Moron verlor die Geduld.

„Ja, willst du denn, dass wir alle verhungern? Sieh dir Calla an! Unsere Tochter wird vielleicht den nächsten Monat schon nicht mehr erleben. Unsere Felder sind unfruchtbar oder zerstört. Sora, bitte, wir werden den kommenden Winter nicht überstehen. Und selbst wenn, was wäre dann, hm? Was dann, Sora? Wir haben Schulden, daher ist es uns verboten, dieses verfluchte, tote Land zu verlassen. Obwohl die Oberen wissen, dass wir niemals werden bezahlen können, solange sie uns zwingen zu bleiben. Aber wenn es mir gelingt, mich als Sklave zu verkaufen, dann sind wir gerettet. Alle.“

Moron warf einen schnellen Blick zur Seite, aber er konnte nicht erkennen, ob sein Vater diese Worte gehört hatte. Liebevoll drückte er seiner Frau einen Kuss auf den Scheitel. Sora hob ihren Kopf nicht, sah ihren Mann nicht an.

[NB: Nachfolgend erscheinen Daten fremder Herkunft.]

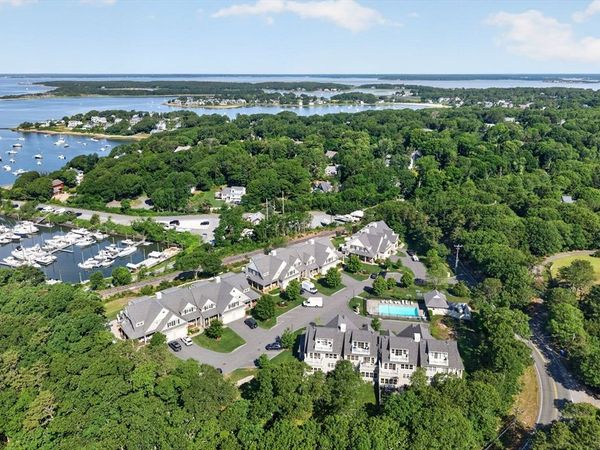 1090 Shore Road, Unit 13, Bourne, MA 02559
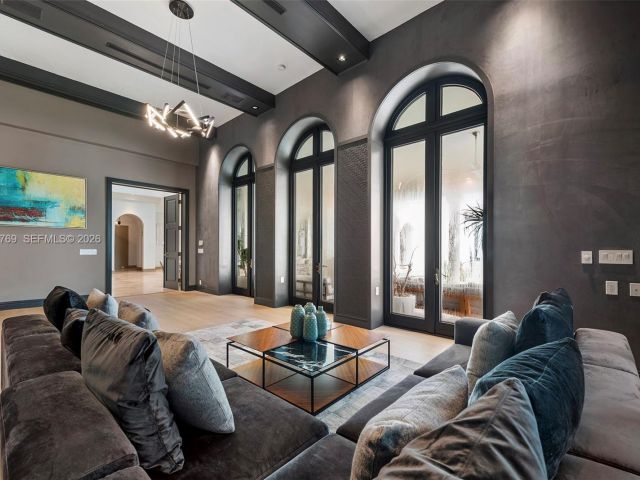 Дом в аренду по адресу 432 S Hibiscus Dr - фото 7469376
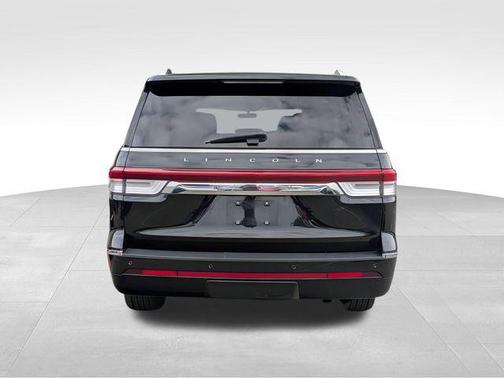 2024 Lincoln Navigator Premiere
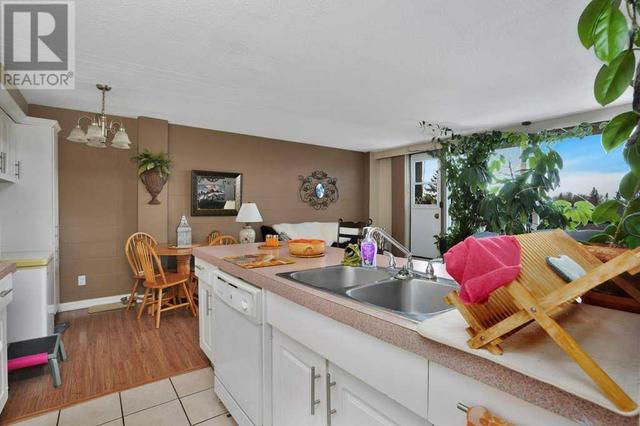 505, - 4700 55 Street, Condo with 2 bedrooms, 1 bathrooms and 1 parking in Red Deer AB | Image 2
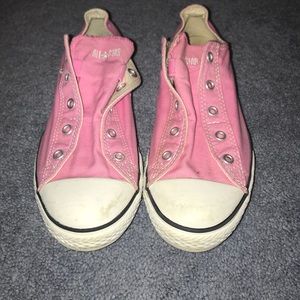 Pink no lace converse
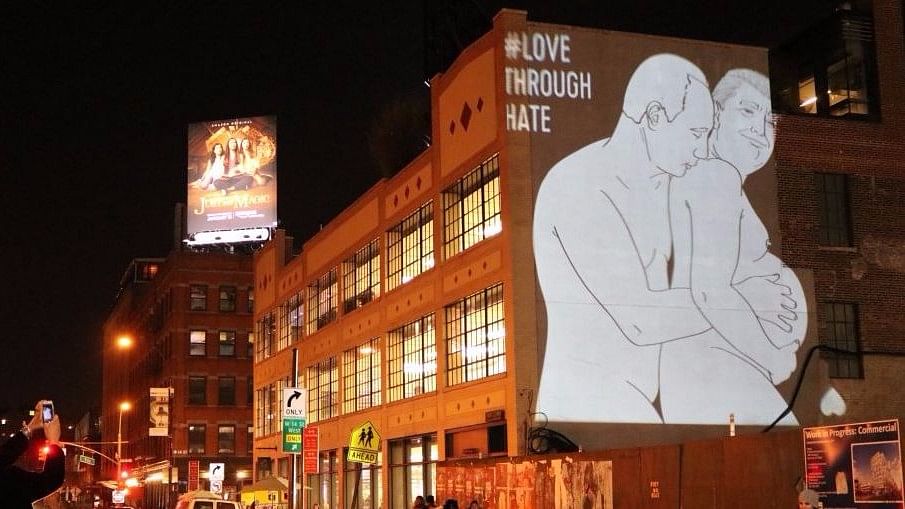 The image was projected on a wall in New York City by makers of the app ‘Hater’. (Photo Courtesy: Twitter/<a href="https://twitter.com/AmitRelester">Amit Rele ツ</a>)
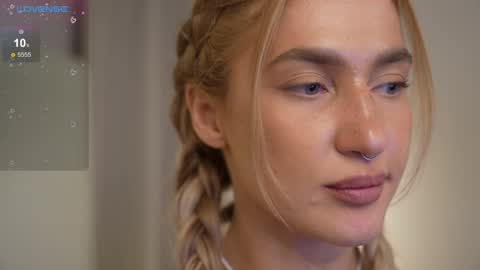 Snapshot of sparks__daisy chatting on 12/22/24, 07:21 DAISY online show from 12/22/24, 07:21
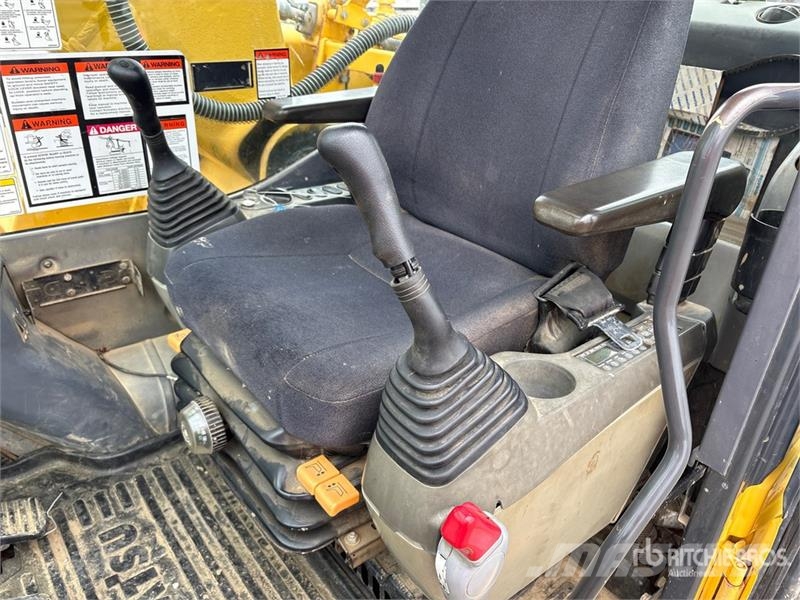 Komatsu PC200LC-8 Tracked Excavator Crawler excavators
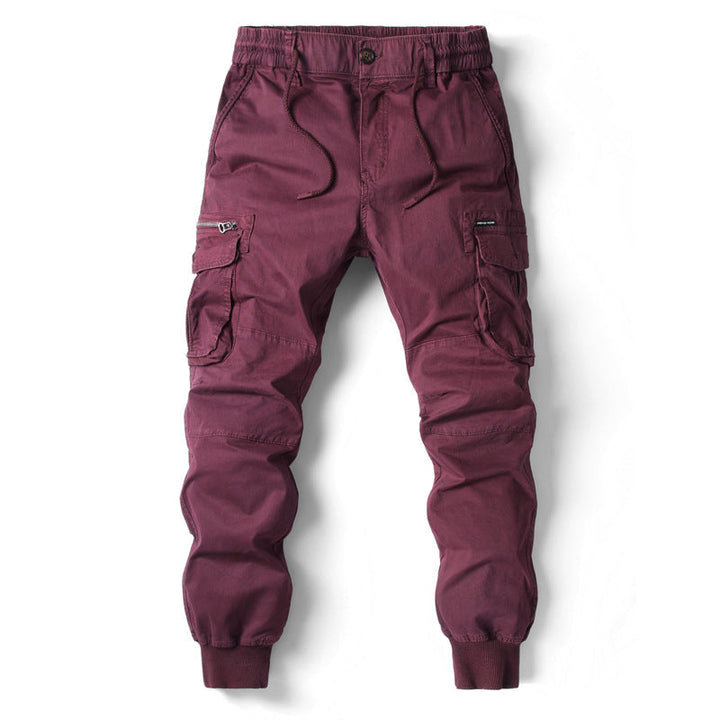 Calça jogger cargo preta, roupa masculina casual para todas as estações, com ajuste confortável e moderno.
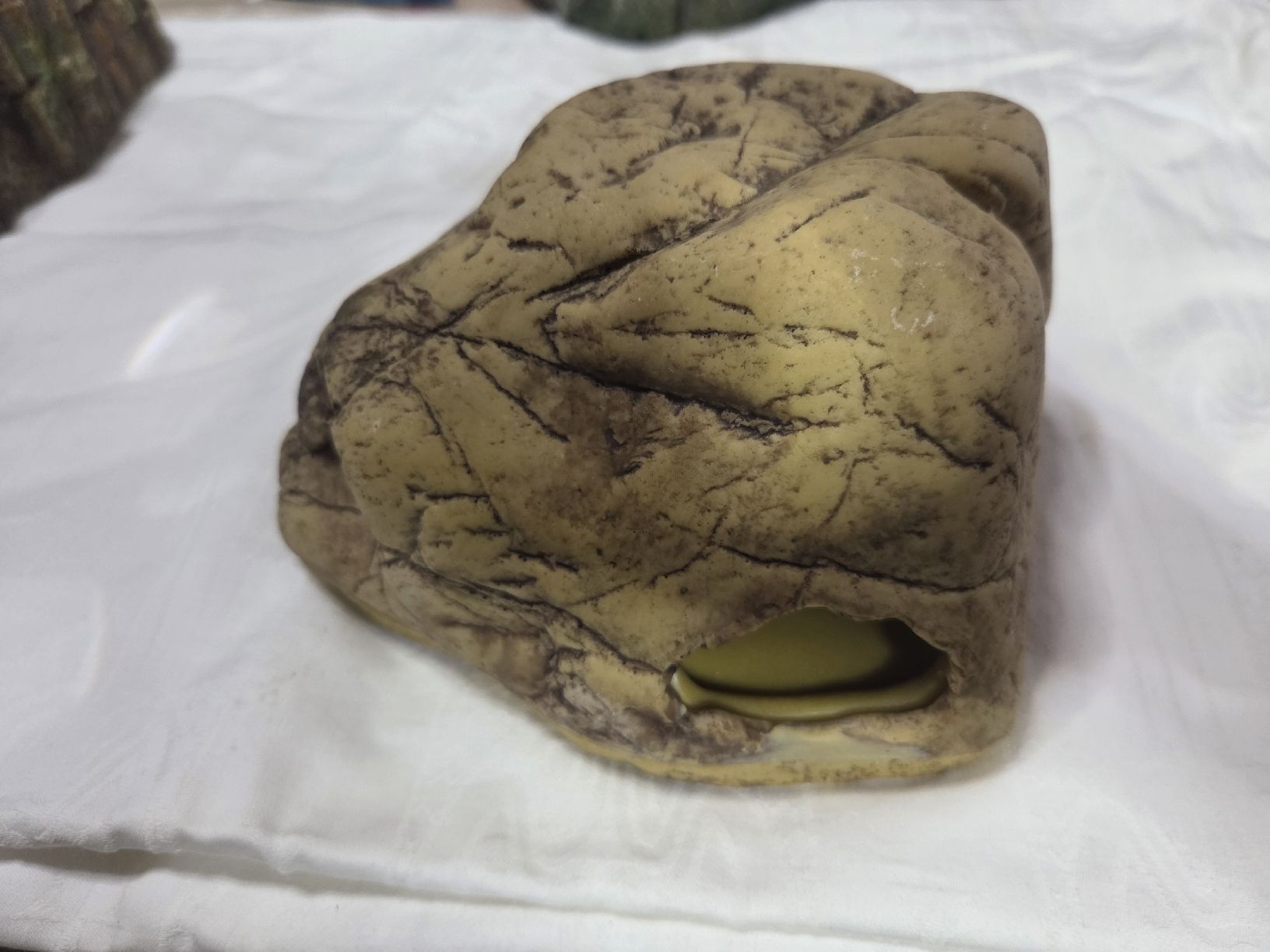 Tutte le decorazioni: grotte pour reptile ou autres  – Usato da Neuchâtel venduto da pasprie 4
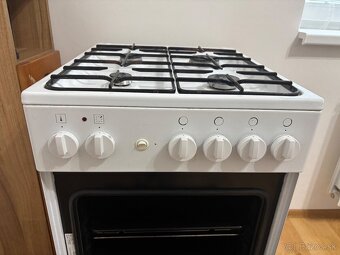 Plynovy sporak a elektricka rura - 3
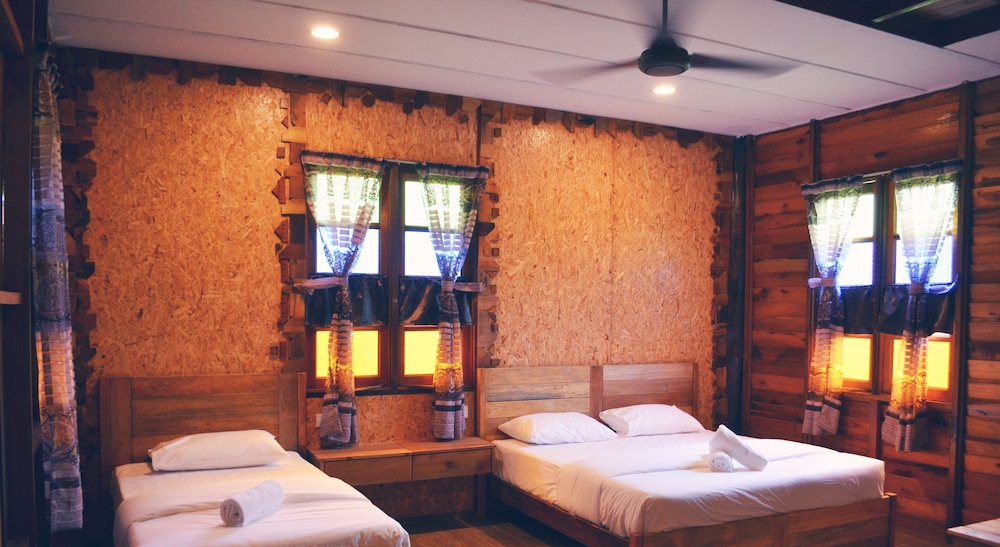 Wood Shelter Triple Bed photo 1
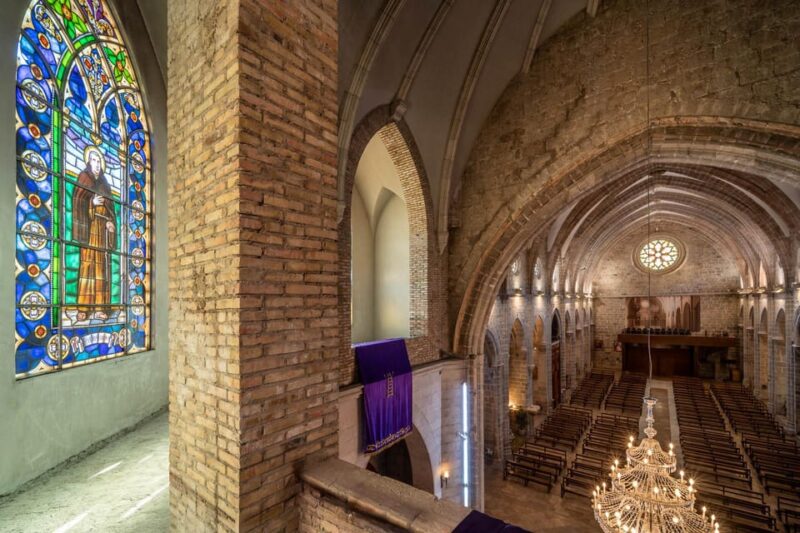 Gandía: Entrance to the Insigne Collegiate Church of Gandía - Key Points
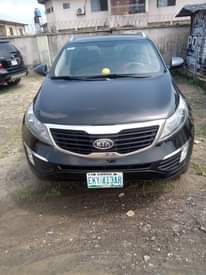 A picture of Kia Sportage 2012 Black SUV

„Wir werden uns niemals wiedersehen. Du lässt uns allein.“

Moron wollte auffahren, aber er musste eingestehen, dass sie vermutlich recht hatte. Darum fuhr er sanfter fort:

„Vielleicht, aber so muss es ja nicht unbedingt sein. Es ist nicht gut, wenn du immer nur das Allerschlimmste erwartest.“

„Ich weiß, aber meistens kommt es doch so. Außerdem wirst du dich zu Tode schinden müssen, sie werden dich bestimmt hungern lassen, vielleicht sogar schlagen. Selta, die Frau von Lanzo, hat mir erzählt, dass sie die Striemen auf dem Rücken ihres Mannes gesehen hat.“

„Na, da siehst du es, die beiden sind zum Beispiel nicht für immer voneinander getrennt“, meinte er leichthin. „Schau mich an, Sora. Ich kann sehr hart arbeiten. Solange ich denken kann, habe ich schwer geschuftet. Das kennst du doch von mir, oder? Warum sollten sie mich dann prügeln? Und selbst wenn, so ein paar Schläge haben noch keinem geschadet. Außerdem, vergiss bitte nicht, dass ich auch jetzt schon zu den beliebtesten Prügelknaben für die aus der Stadt gehöre. Angenommen ich müsste tatsächlich ab und zu mal hungern, glaubst du, das wäre schlimmer als jetzt? Sie können doch nicht wollen, dass ich zu schwach zum Arbeiten werde. Ganz sicher nicht. Na, also. Sieh nur, Calla ist an deiner Brust eingeschlafen. Leg du dich auch etwas hin. Du musst dich ausruhen. Komm ich trage dich zum Bett. So ist es gut.“

Moron hob sie auf. Wie eine Feder, dachte er, viel zu leicht.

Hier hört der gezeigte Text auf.